▸ PROBLEM STATEMENT
Scan the entries below for the word "Toyota" and copy every line in which it occurs.

[Caption-style text data]
========

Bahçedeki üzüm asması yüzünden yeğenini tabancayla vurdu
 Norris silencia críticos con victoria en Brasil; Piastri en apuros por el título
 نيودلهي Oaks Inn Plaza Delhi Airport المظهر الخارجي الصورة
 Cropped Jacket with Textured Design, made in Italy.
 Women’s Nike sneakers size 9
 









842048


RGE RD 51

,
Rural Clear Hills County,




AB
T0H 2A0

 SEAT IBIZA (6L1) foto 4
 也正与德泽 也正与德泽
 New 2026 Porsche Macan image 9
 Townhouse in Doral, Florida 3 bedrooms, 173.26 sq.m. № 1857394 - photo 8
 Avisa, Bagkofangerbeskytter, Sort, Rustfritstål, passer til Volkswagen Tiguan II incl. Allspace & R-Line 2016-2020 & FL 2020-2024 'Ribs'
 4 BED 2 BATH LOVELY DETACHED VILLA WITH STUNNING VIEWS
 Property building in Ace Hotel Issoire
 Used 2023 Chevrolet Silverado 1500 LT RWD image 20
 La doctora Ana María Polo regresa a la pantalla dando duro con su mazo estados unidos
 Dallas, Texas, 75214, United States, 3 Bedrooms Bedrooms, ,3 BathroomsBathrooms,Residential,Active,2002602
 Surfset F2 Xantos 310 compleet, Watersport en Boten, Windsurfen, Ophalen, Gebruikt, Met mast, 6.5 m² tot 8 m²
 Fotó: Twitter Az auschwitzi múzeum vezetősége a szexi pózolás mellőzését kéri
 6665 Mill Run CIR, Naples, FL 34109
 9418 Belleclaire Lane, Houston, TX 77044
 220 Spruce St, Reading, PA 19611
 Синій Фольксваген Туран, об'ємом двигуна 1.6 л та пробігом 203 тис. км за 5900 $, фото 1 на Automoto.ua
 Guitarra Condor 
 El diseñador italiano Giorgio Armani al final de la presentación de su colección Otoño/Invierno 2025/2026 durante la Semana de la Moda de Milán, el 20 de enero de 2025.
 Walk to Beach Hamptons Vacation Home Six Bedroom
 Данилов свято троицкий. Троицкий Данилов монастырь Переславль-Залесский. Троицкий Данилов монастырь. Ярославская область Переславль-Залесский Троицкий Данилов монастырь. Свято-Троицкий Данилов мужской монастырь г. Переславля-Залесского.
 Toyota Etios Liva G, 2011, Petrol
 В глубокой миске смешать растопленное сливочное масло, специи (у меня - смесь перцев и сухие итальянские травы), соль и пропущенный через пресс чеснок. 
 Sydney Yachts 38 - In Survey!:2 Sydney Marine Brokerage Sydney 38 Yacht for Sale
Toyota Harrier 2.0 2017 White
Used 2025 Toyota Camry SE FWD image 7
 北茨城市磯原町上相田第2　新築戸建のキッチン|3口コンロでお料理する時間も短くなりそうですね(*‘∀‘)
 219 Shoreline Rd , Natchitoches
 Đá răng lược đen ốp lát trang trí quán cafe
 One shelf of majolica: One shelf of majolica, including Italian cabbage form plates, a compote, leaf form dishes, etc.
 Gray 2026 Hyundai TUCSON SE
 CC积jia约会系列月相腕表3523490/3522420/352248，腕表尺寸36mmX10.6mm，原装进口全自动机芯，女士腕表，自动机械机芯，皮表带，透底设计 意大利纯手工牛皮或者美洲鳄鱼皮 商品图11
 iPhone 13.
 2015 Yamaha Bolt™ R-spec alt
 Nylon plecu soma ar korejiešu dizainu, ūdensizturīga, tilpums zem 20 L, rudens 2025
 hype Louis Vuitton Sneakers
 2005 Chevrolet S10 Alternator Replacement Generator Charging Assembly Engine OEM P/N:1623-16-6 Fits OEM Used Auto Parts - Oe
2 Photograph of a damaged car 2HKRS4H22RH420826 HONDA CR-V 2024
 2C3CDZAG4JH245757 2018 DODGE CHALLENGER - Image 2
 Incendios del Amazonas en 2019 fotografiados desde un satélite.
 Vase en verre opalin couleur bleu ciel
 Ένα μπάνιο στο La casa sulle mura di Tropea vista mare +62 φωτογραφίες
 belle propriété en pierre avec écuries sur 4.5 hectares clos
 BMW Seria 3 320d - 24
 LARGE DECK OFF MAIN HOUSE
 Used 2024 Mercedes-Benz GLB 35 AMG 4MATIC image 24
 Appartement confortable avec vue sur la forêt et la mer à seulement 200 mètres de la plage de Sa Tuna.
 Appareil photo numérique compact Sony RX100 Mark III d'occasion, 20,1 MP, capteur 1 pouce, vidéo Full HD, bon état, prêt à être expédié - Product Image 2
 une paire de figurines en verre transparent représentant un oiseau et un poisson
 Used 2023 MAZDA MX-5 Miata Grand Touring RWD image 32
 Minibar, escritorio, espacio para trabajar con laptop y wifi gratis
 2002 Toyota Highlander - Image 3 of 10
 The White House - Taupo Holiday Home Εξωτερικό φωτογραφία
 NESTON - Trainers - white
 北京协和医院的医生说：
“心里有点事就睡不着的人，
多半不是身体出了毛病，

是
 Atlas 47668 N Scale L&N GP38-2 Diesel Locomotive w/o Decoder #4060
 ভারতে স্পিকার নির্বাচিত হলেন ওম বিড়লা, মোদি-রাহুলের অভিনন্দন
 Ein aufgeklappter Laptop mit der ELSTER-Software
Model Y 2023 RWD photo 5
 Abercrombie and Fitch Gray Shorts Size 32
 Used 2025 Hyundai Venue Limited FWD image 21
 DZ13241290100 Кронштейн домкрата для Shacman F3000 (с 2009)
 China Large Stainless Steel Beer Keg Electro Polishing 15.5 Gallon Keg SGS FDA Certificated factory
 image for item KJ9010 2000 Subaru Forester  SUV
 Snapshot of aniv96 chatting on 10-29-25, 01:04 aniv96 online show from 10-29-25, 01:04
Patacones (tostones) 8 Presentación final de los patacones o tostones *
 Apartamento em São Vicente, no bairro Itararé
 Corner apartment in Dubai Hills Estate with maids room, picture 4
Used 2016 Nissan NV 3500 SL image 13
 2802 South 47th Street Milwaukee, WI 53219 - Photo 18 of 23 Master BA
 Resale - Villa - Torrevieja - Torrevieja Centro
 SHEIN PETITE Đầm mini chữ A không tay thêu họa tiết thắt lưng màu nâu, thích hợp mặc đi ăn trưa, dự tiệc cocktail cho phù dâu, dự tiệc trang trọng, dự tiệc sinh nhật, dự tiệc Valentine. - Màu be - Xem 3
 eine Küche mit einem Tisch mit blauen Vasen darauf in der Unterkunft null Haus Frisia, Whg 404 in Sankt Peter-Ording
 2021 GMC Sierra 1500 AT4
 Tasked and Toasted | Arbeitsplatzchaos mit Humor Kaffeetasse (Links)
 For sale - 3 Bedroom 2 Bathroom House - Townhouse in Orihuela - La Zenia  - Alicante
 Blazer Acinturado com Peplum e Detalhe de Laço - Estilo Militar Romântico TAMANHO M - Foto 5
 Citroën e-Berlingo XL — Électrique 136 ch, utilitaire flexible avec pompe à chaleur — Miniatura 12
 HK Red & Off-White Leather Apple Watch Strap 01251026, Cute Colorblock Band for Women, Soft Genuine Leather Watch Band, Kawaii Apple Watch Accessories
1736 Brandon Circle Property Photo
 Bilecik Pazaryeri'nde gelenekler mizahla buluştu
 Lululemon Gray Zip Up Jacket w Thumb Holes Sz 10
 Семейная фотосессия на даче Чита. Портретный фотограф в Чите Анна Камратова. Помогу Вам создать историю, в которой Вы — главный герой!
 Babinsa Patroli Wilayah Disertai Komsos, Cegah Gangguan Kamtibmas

========

▸ OUTPUT BELOW
 Toyota Etios Liva G, 2011, Petrol
Toyota Harrier 2.0 2017 White
Used 2025 Toyota Camry SE FWD image 7
 2002 Toyota Highlander - Image 3 of 10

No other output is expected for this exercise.